Search the records for the word "High". Copy every line where it appears.

**Supplied entries**
------------------------------------------------------------

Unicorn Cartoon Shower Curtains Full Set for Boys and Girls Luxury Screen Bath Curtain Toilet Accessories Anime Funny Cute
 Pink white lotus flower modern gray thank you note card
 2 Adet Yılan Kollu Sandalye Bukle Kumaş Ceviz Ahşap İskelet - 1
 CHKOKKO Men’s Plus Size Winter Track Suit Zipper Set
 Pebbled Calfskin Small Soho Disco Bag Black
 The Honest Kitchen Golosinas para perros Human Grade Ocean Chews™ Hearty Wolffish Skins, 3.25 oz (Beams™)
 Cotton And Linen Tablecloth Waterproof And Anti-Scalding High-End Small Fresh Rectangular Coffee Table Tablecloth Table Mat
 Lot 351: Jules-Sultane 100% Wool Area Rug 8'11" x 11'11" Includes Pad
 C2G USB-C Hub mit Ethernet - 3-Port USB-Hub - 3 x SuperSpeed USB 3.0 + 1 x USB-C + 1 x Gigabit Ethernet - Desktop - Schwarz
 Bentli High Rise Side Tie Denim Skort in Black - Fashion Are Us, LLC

------------------------------------------------------------

**Completed task**
 Cotton And Linen Tablecloth Waterproof And Anti-Scalding High-End Small Fresh Rectangular Coffee Table Tablecloth Table Mat
 Bentli High Rise Side Tie Denim Skort in Black - Fashion Are Us, LLC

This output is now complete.